Task goal. Give again, word for word, only the lines of the material below from its first line through the one that holds "Preview for 106"; pictures stay out.

Input for this task.

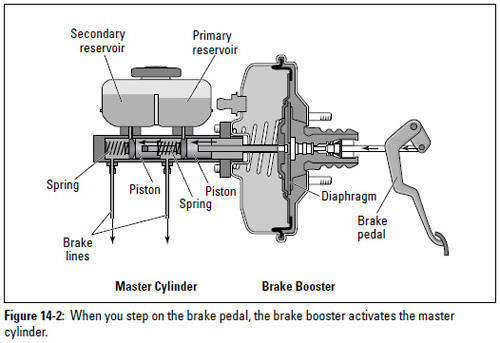 Figure 14-2: When you step on the brake pedal, the brake booster activates the master cylinder.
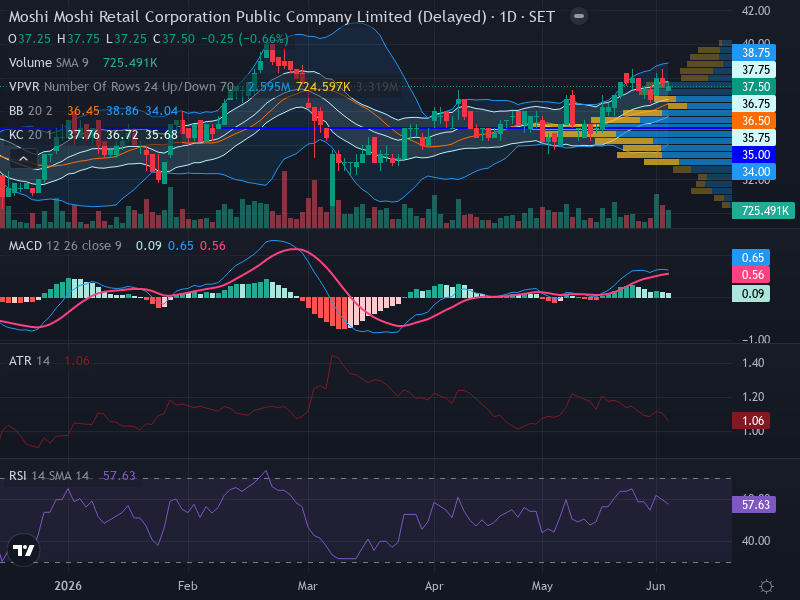 Trading Chart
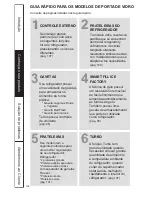 Preview for 106 page of GE RGS1540X Use And Care Manual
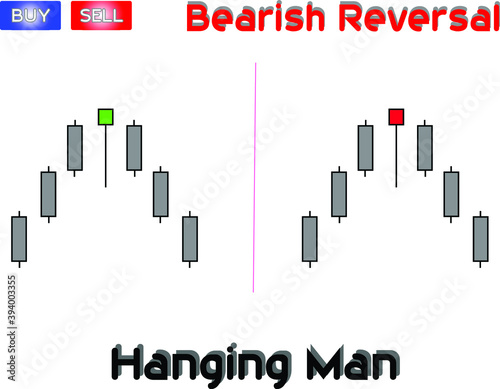 Data analysis of commodity price patterns to generate probability patterns for trading purposes.
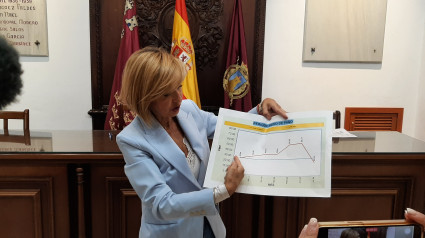 La concejala de Hacienda, Belén Pérez, muestra el gráfico con la evolución del período de pago a proveedores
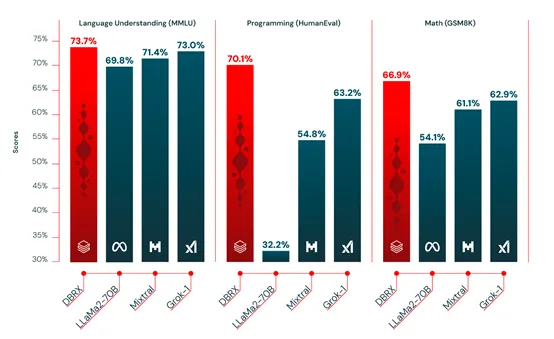 1320亿参数，性能超LLaMA2、Grok-1！开源大模型DBRX正式上线！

Written answer.
 Figure 14-2: When you step on the brake pedal, the brake booster activates the master cylinder.
 Trading Chart
 Preview for 106 page of GE RGS1540X Use And Care Manual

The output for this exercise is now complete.